We'll be out of town and won't be able to make the Hickory show darn it. :Sad:

----------


## LunaBalls

Omar
Charlotte

1Boa Bps Coming Soon. Yay!

----------


## Abrimel

Fayetteville NC! Woop woop~ I have a huge normal female and a 2010 male spider. Looking to expand my collection and do some breeding in the next coming months/years. Looking for yellow bellies and mojaves.

----------


## ReptileFinatic

Hey everyone, I currently live in FL, but am moving to NC after Christmas, we are going to be around the Asheville area, and I get my first snake(s) when we move!! Im excited  :Very Happy: .

----------


## LunaBalls

Charlotte, Nc

1 Boa and waiting for my 3 Pastels.


Edit: Sorry for posting twice. didn't know.

----------


## zmd0827

Representing East Carolina!! WOO! Go Pirates!  ... But now live in Raleigh.  Haha.

----------


## thewesterngate

Greenville, NC here..just got three more balls from Thomas Jones (who I just found on here, nice!) I'll be breeding in the next one or two years.  :Smile:  I also went to ECU for three years.

----------


## zmd0827

Lived in G-Vegas the passed two years, just moved to Raleigh in June.  Go PIRATES!  I attended for two years, then the drinking got to me.

----------


## Daniel Tuttle

Fayetteville nc

I work with ball pythons.  I don't breed yet, but is something I want to get into

----------


## thegamewasdone

SC Upstate god knows we need more in the south my ball pythons doin BAD cant find any vets or help really period:cens0r:

----------


## thegamewasdone

love the help need it

----------


## Vypyrz

You may have to try looking in Columbia or Charlotte for a reptile vet...

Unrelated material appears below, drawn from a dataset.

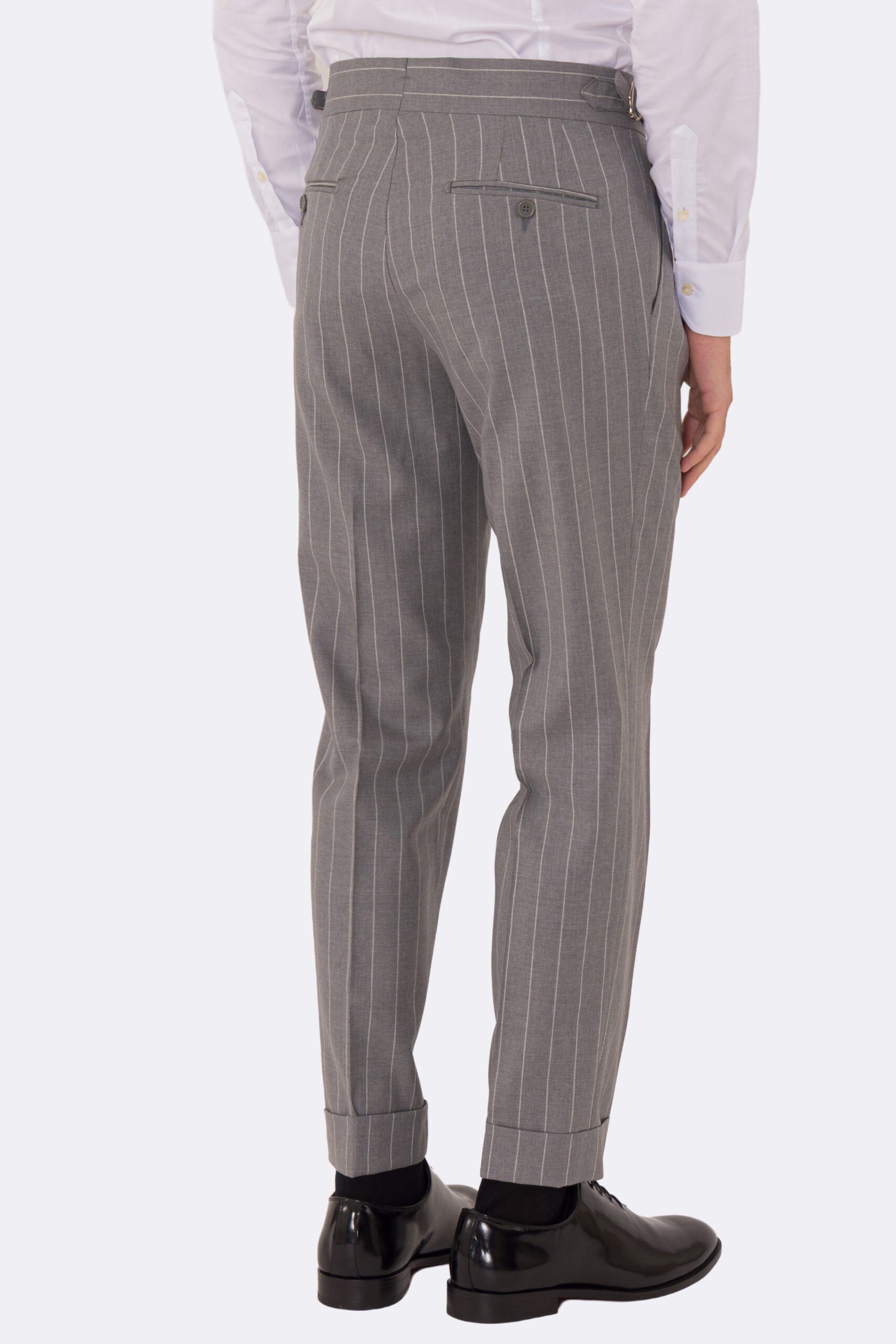 Abito uomo Monopetto grigio gessato bianco fresco lana super 110's Tessuti in esclusiva Sartoria Carillo completamente sfoderato con Rever a lancia e tasche a filetto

http://www.localvets.com/p/superpage...-carolina.html

----------


## Hellacious

Just outside Goldsboro, NC.
Ball Python.

----------


## Lazarus1437

Stationed in Havelock, NC

----------


## banjopicker2004

I am originally from upstate SC and recently moved to asheville, NC. I have bred venomous snakes, milksnakes, kings, and hognose snakes prior to my move to NC, and now I am strictly working with ball pythons since venomous snakes are a no no in buncombe county. I'd love to fine someone up here who breeds rats and mice and also someone who can show me some roads to cruise. thanks!

----------


## leper65

> Stationed in Havelock, NC



Lazarus do you work at Cherry Point in the Approach Control? I work in the Rapcon at Seymour Johnson...

----------


## thewesterngate

I posted here before, but just an update:

Windsor, NC (Bertie County)
Growing my ball pythons currently, also working with red crested geckos and I'm breeding feeder mice and rats for myself and local reptile keepers.  :Smile:

----------


## Kittycatpenut

Cary, NC

 I breed leopard geckos and feeder rodents, and I'm growing up my ball pythons, crested geckos, and sand boas for future breeding. I also keep a blue tongue skink, an albino corn snake, a couple guinea pigs, cats, and dogs.

----------


## Soylent Soda

Charlotte NC here, formerly from AZ (Tempe/mesa area) moved back home to NC, I mainly raise Red Tails and some corn snakes and lizards (desert mali)

----------


## iCandiBallPythons

Just south of asheville

----------


## potlicker

Frank Concord N.C 2 normals 1 spider 2 het albino 1 green tree python

----------


## joefer13

Asheville NC here 
Just got my first Ball, perhaps breed later one after I get practice  :Roll Eyes (Sarcastic):  :Very Happy: 
I have a daughter named Maggie who is a 3 year old Corgi lol and my tank of fresh water misfits
Black Ghost Knifefish, Black Tiger Oscar, Rosebud Cichlid, and a Pleco...who doesn't have one of those  :Wink:

----------


## Vort

Durham

I keep stuff, a ball, reef, corn, milk, newts, darts.
Looking to find Gerrhosaurus Major somewhere locally.

----------


## CloudtheBoa

Waynesville, NC.

I've moved like 3 times now in the past 2 years....I was living in Leicester about 2 years ago.  It's out in the middle of nowhere, about 45 minutes away from Asheville and right on the border of Madison County.  Then I moved to my grandfather's house in Waynesville.  Had a lovely run in with an animal control officer awhile back about a supposed constrictor ordinance here.  Told her I'd already looked into the laws and saw no such thing.  I even went to the Town House a few days later and told them up-front that I wanted any laws on animals pet or not, but specifically on constrictors.  They told me that no ordinance had been passed and they gave me a two page paper on all the animal ordinances.  Now, there is an ordinance on constrictors in Waynesville COUNTY, Missouri.  I live in an apartment with my mother now, not far away from my grandfather's house.  Let me just say, moving the boa's 6ft enclosure in the rain was fun. lol  Hopefully next time I can get a U-Haul or something.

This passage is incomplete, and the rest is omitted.